Hubo otro ingrediente en ese instante y en los otros dos movimientos convocados al pianoforte de Olga Pashchenko y el violín de Lina Tur Bonet, con quienes tuvimos después la dicha de compartir la cena. Como si algún vecino sordo, tosco, impaciente (o un niño aconsejado por el diablo) estuviera jugando con las hojas de una puerta cuando ellas estaban invocando a Beethoven en medio de un huracán en harapos. Fueron los coletazos de una tormenta romántica y racional como todos los asombrosos fenómenos atmosféricos que iluminan o inquietan nuestras vidas. Me recordó a las sirenas y el sordo rumor del tráfico y de la vida de Nueva York en Vania en la calle 42, que André Gregory montó de forma magistral para el teatro y Luis Malle rodó en estado de gracia, y que para mí siguen siendo quintaesencia de lo que el arte y la vida pueden llegar a ensamblar.

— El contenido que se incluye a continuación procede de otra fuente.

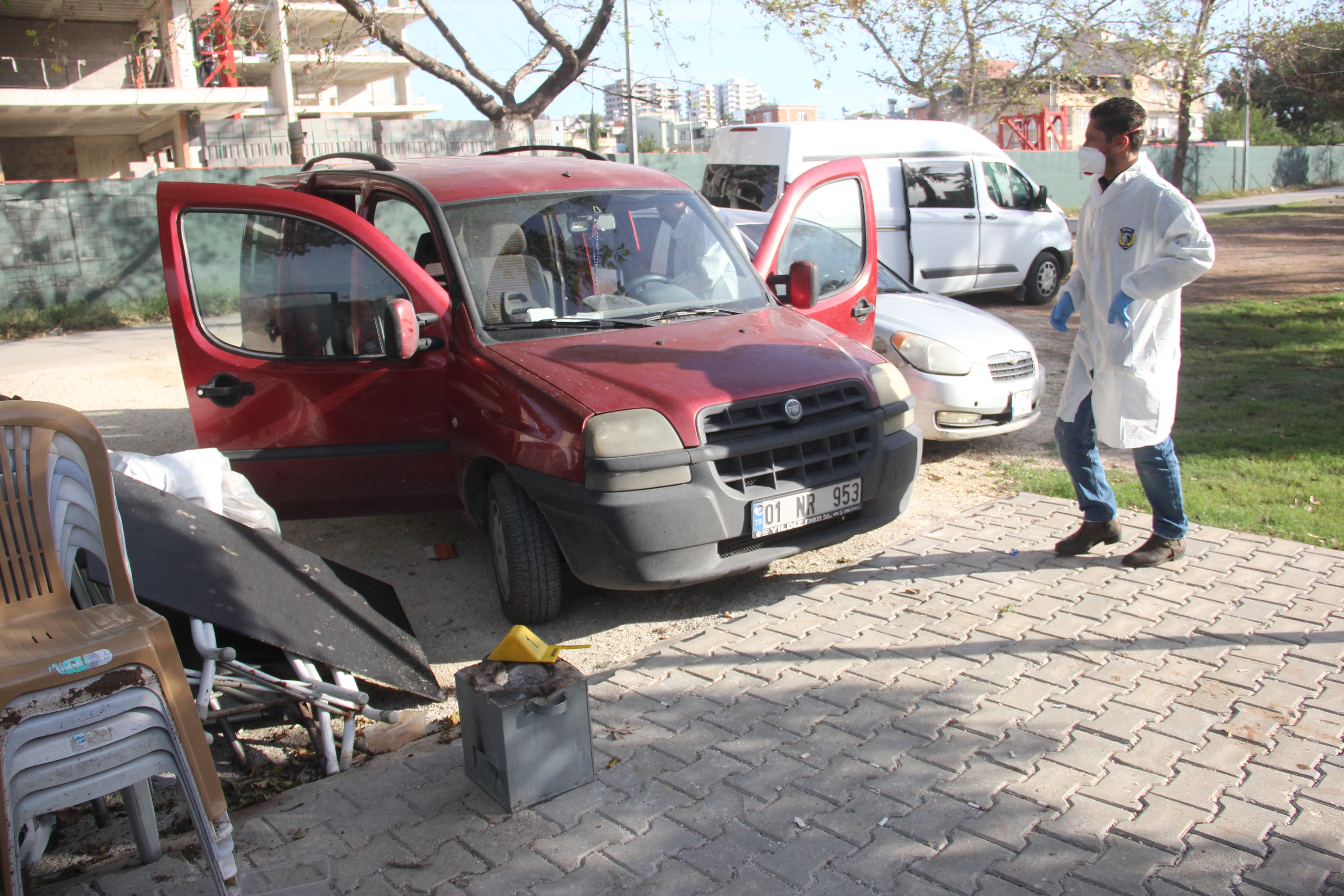 Arabada kömür ocağından zehirlendi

El rumor de esas puertas que se hacían sordo eco de lo que los elementos decían a las puertas del teatro y sobre los largos, calles, tejados, alamedas y vidas de Palmela, eran el recordatorio sutil de nuestros privilegios, de nuestra conciencia, de cómo Clara Schumann, Joseph Joachim y Pauline Viardot, con Brahms de generosa propina, nos brindaron gracias a la imaginación, inspiración, técnica y trabajo destilados por alguien como Lina Tur Bonet, que creo que no voy a olvidar nunca, y la rusa Olga Tashchenko (de quien hablé de su malbaratado país natal por las calles anochecidas de Palmela).

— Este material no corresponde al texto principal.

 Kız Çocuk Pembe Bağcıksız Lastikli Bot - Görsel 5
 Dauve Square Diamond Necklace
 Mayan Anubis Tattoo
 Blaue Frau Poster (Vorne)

Lina se mueve como una bailarina, se apoya en su vientre y respira sobre las cuerdas porque sabe qué es lo que hizo Dios para que el barro cobrara vida. Así habla la música y ella, que primero fue gimnasta y luego bailó, encontró en un violín el instrumento para ser ella, y que no sepamos en qué mano hay un dedo de menos para verla sonreír mientras toca, salvo cuando, como un mascarón de proa, acomete un scherzo de Brahms. Olga no sonríe salvo cuando saluda al terminar, o cena, ya lejos del escenario. Ataca las piezas sin darse tiempo a acomodar el cuerpo o aclararse la garganta, no nos deja dudar, sino atender asombrados a su pericia. Ella ya ha hecho que el pianoforte desembuche todo lo que encierra con una limpieza que es al tiempo un matrimonio y un sistema de riego sanguíneo.

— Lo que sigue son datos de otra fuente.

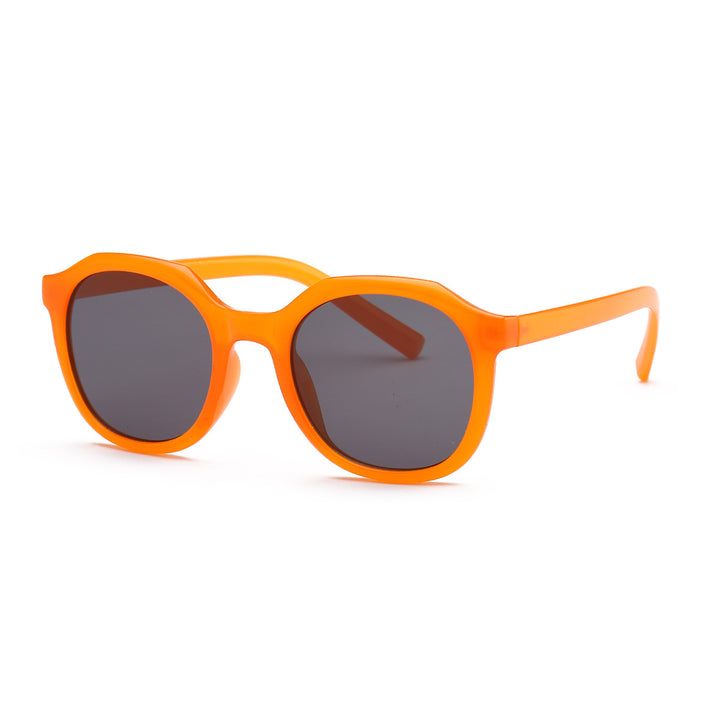 Women's fashionable sunglasses with multifaceted frame and UV protection Bowlift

Hermosas, precisas, preciosas, ligeras y profundas, juguetonas y serias, líricas, pero conscientes de lo que componer y ser una mujer significa… Lina Tur Bonet y Olga Paschenko hicieron palpable qué nos regala la música en el curso de la vida. Esta noche en Palmela, azotada por el viento y la lluvia, nos hicieron breve y sucintamente mejores, y convirtieron la Mostra España y su coloquio Sobre viajeros de aquí y allá (portugueses como Patrícia Portela hablando de Miguel de Unamuno o Bruno Vieira Amaral de Julio Llamazares; españoles como Ramón Reboiras hablando de Agustina Bessa-Luís y Nuria Barros de Miguel Torga) algo que recordar en las noches futuras, cuando nos vayamos quedando ineluctablemente sordos y solos como Beethoven.